====== Data for analysis ======
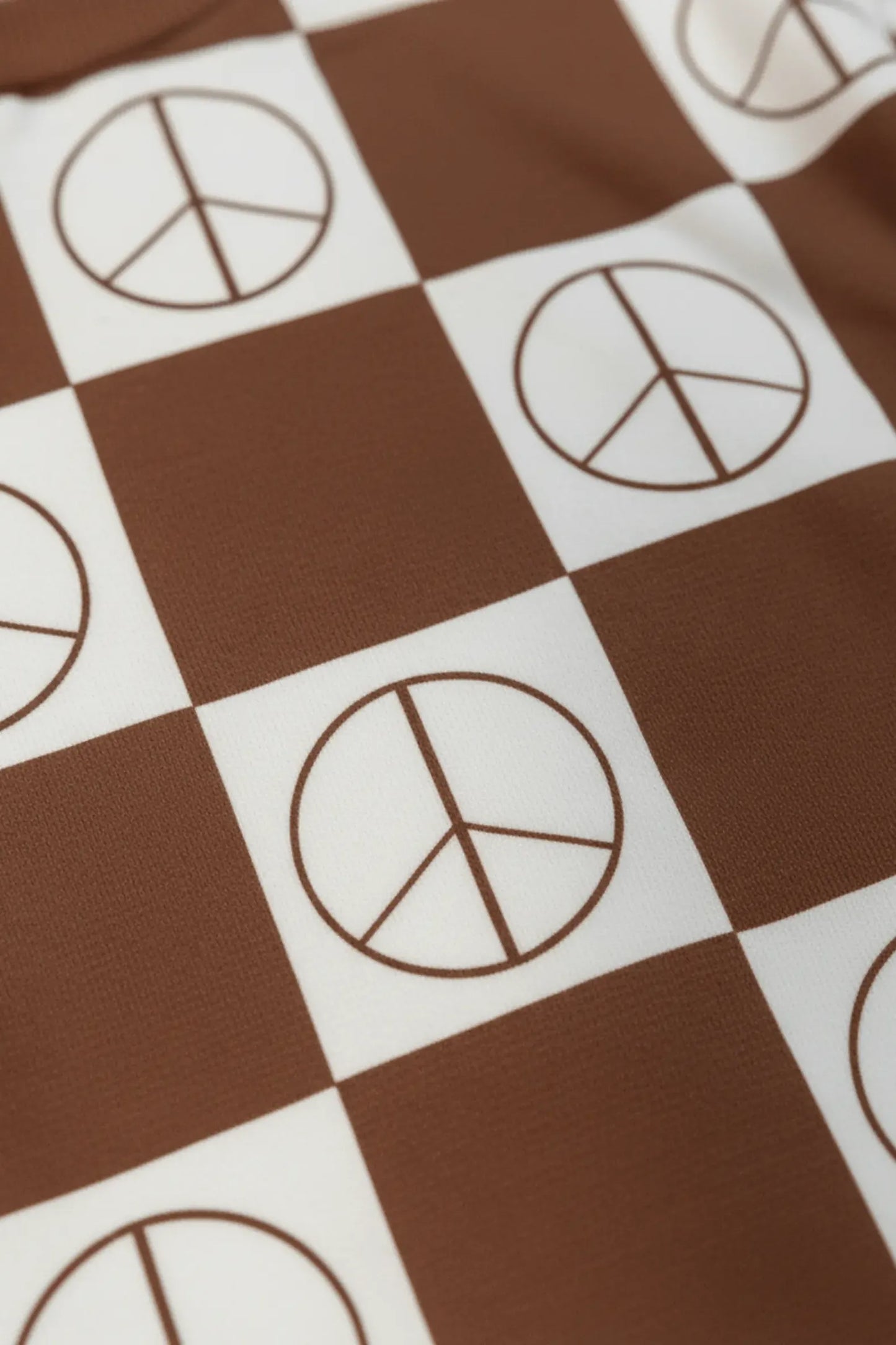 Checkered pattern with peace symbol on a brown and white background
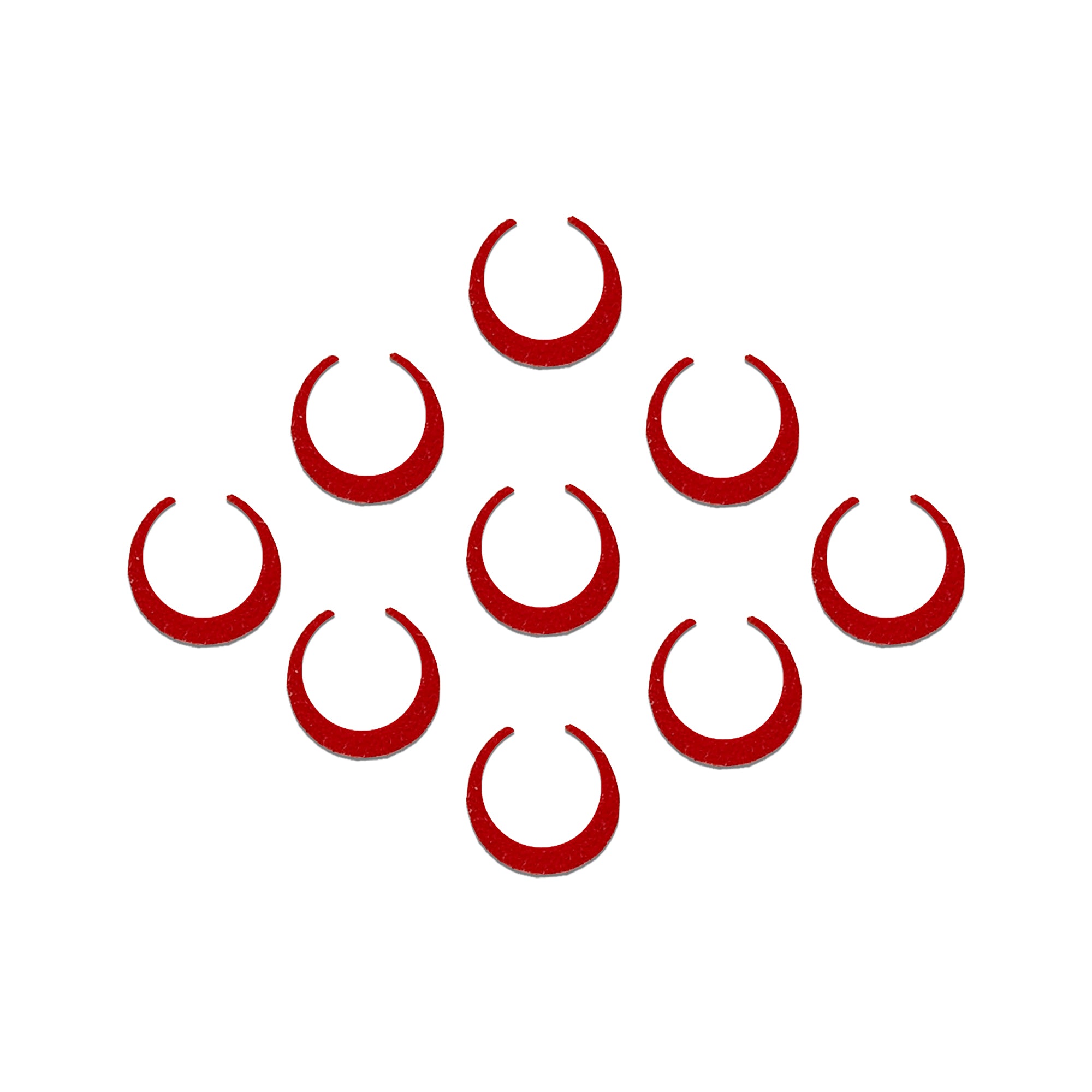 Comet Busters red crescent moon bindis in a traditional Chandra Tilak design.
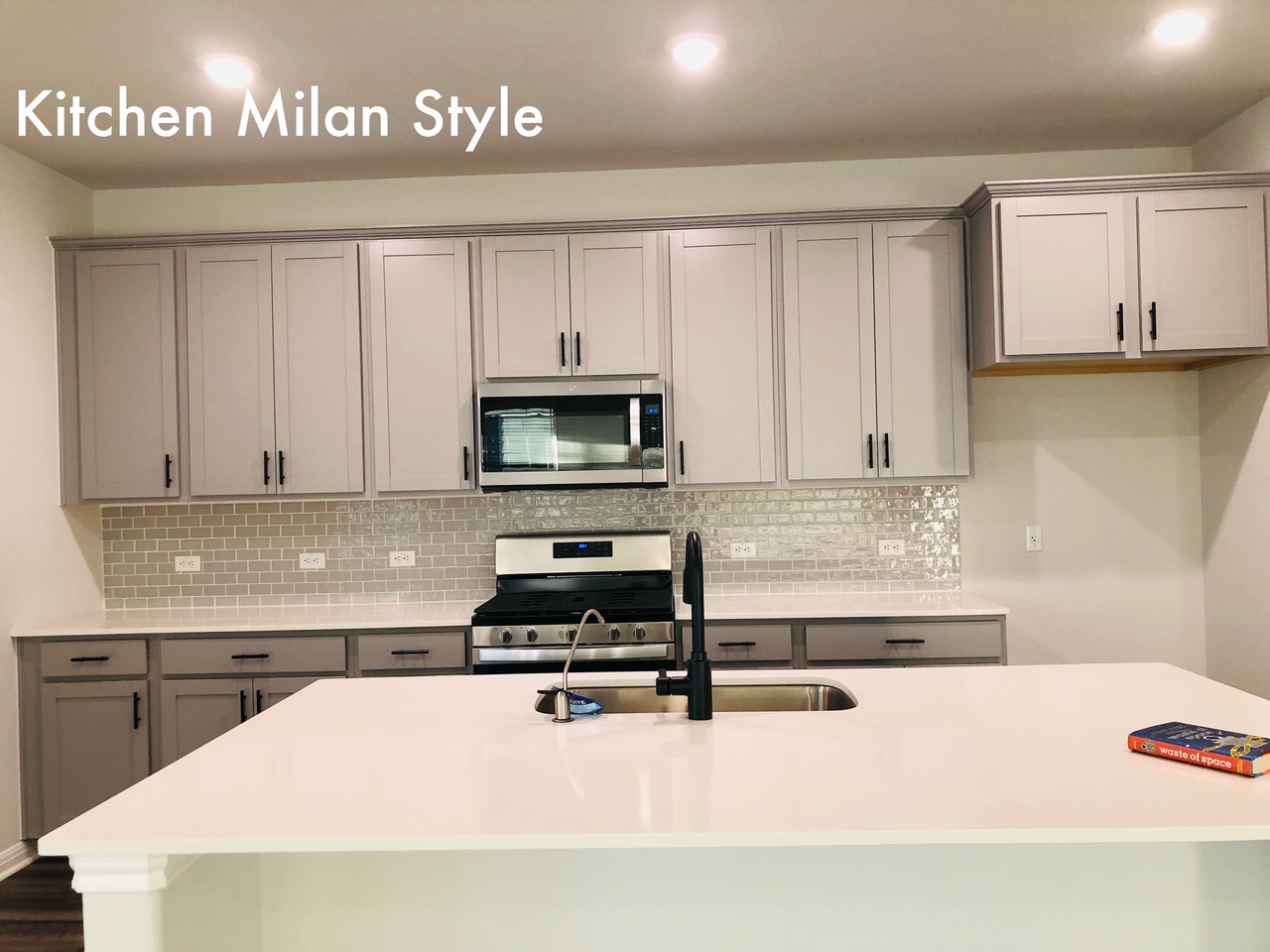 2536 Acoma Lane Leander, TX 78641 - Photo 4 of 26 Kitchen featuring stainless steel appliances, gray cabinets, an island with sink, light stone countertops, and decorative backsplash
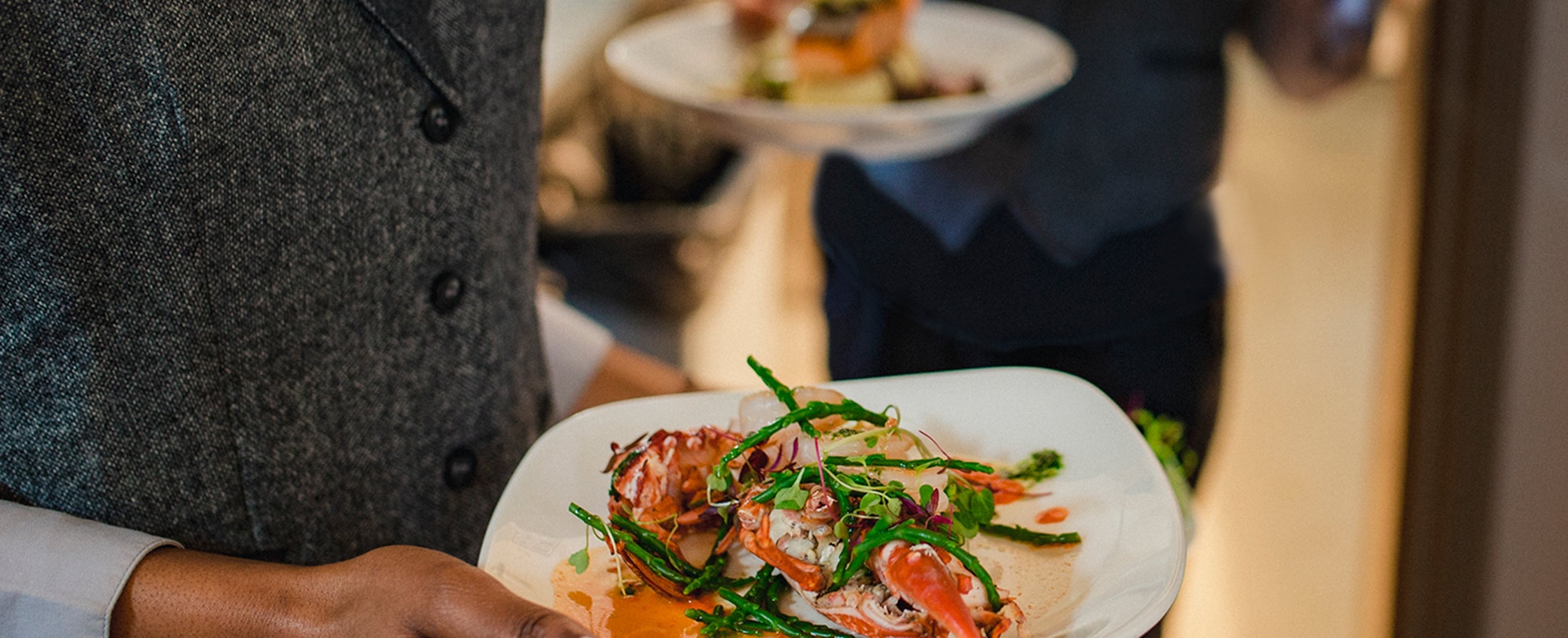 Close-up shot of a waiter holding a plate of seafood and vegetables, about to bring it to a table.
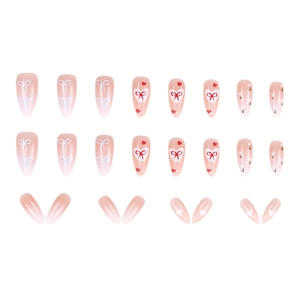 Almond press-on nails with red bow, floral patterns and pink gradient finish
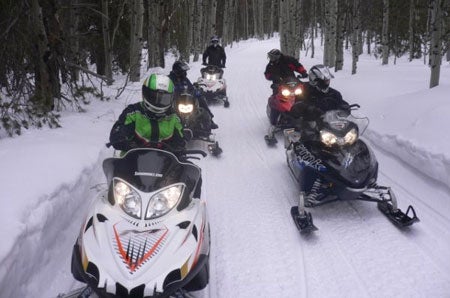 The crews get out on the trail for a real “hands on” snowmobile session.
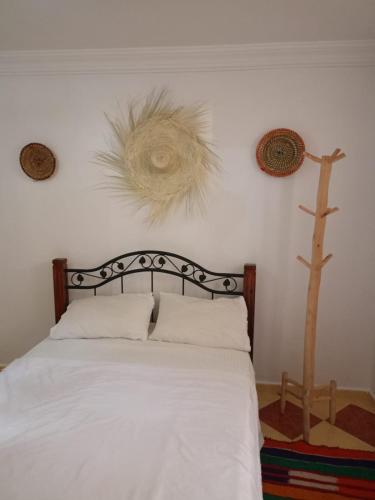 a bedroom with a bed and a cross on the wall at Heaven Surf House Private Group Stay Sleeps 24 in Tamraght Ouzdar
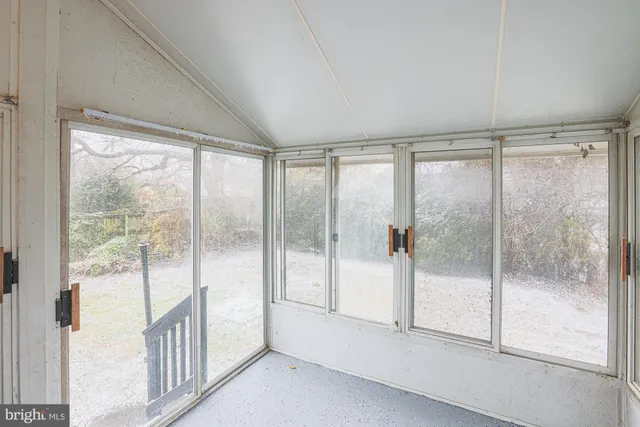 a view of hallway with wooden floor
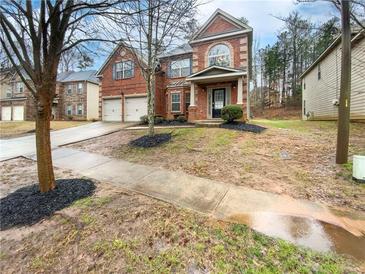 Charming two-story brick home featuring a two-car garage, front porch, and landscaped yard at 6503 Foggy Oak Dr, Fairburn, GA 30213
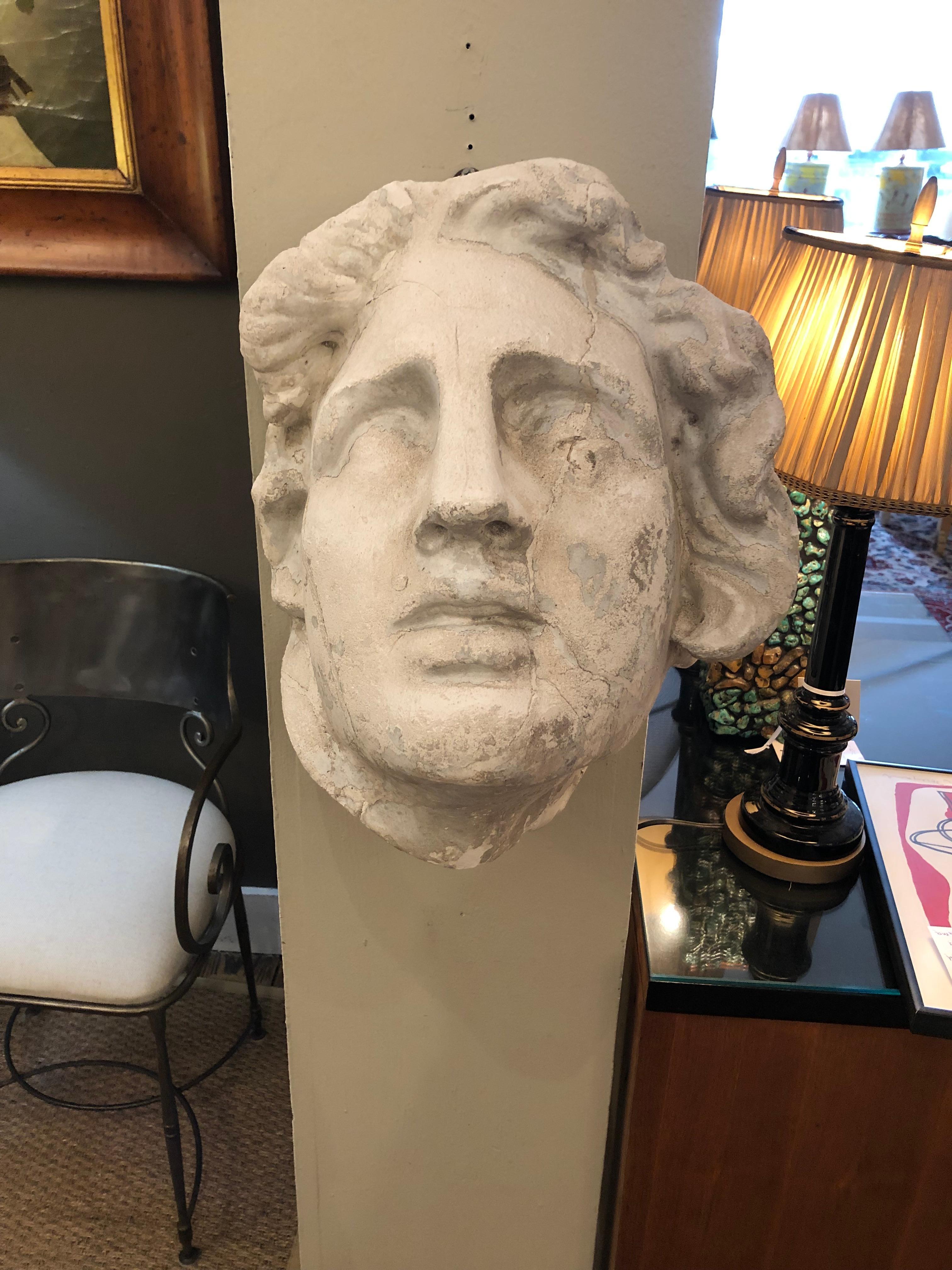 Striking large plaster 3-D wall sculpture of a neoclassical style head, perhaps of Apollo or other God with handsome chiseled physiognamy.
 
======
- **Work to be completed**
Everything above from the line containing "Close-up shot of" down to the line containing "a view of hallway with wooden floor" is to be duplicated exactly, both lines included, and the pictures are to be omitted.

- **Answer section**
 Close-up shot of a waiter holding a plate of seafood and vegetables, about to bring it to a table.
 Almond press-on nails with red bow, floral patterns and pink gradient finish
 The crews get out on the trail for a real “hands on” snowmobile session.
 a bedroom with a bed and a cross on the wall at Heaven Surf House Private Group Stay Sleeps 24 in Tamraght Ouzdar
 a view of hallway with wooden floor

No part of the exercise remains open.